INPUT MATERIAL →
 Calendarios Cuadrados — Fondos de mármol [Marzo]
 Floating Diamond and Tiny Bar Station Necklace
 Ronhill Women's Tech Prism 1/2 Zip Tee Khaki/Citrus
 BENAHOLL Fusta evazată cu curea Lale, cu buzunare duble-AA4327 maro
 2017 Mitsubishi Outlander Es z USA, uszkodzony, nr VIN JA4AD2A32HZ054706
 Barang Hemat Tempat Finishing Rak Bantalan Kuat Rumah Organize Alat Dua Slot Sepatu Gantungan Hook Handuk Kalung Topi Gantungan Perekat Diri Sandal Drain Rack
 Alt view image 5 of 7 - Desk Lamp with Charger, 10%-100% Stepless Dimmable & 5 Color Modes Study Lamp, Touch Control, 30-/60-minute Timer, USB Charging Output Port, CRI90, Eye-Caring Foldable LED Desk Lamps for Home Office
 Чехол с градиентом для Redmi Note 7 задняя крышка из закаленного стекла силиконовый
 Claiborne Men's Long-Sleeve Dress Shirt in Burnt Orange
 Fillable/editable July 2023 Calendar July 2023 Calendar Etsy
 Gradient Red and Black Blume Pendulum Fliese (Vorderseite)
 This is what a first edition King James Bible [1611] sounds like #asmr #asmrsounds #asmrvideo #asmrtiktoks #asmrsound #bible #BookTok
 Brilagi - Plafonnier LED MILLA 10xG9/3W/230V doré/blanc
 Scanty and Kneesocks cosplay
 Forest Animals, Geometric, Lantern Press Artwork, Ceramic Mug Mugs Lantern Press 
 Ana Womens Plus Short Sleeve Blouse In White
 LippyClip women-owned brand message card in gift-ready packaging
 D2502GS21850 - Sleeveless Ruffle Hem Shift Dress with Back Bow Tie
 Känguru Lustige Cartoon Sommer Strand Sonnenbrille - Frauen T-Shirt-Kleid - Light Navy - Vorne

THE PROBLEM →
Return the full listing, word for word.

EXPECTED ANSWER →
 Calendarios Cuadrados — Fondos de mármol [Marzo]
 Floating Diamond and Tiny Bar Station Necklace
 Ronhill Women's Tech Prism 1/2 Zip Tee Khaki/Citrus
 BENAHOLL Fusta evazată cu curea Lale, cu buzunare duble-AA4327 maro
 2017 Mitsubishi Outlander Es z USA, uszkodzony, nr VIN JA4AD2A32HZ054706
 Barang Hemat Tempat Finishing Rak Bantalan Kuat Rumah Organize Alat Dua Slot Sepatu Gantungan Hook Handuk Kalung Topi Gantungan Perekat Diri Sandal Drain Rack
 Alt view image 5 of 7 - Desk Lamp with Charger, 10%-100% Stepless Dimmable & 5 Color Modes Study Lamp, Touch Control, 30-/60-minute Timer, USB Charging Output Port, CRI90, Eye-Caring Foldable LED Desk Lamps for Home Office
 Чехол с градиентом для Redmi Note 7 задняя крышка из закаленного стекла силиконовый
 Claiborne Men's Long-Sleeve Dress Shirt in Burnt Orange
 Fillable/editable July 2023 Calendar July 2023 Calendar Etsy
 Gradient Red and Black Blume Pendulum Fliese (Vorderseite)
 This is what a first edition King James Bible [1611] sounds like #asmr #asmrsounds #asmrvideo #asmrtiktoks #asmrsound #bible #BookTok
 Brilagi - Plafonnier LED MILLA 10xG9/3W/230V doré/blanc
 Scanty and Kneesocks cosplay
 Forest Animals, Geometric, Lantern Press Artwork, Ceramic Mug Mugs Lantern Press 
 Ana Womens Plus Short Sleeve Blouse In White
 LippyClip women-owned brand message card in gift-ready packaging
 D2502GS21850 - Sleeveless Ruffle Hem Shift Dress with Back Bow Tie
 Känguru Lustige Cartoon Sommer Strand Sonnenbrille - Frauen T-Shirt-Kleid - Light Navy - Vorne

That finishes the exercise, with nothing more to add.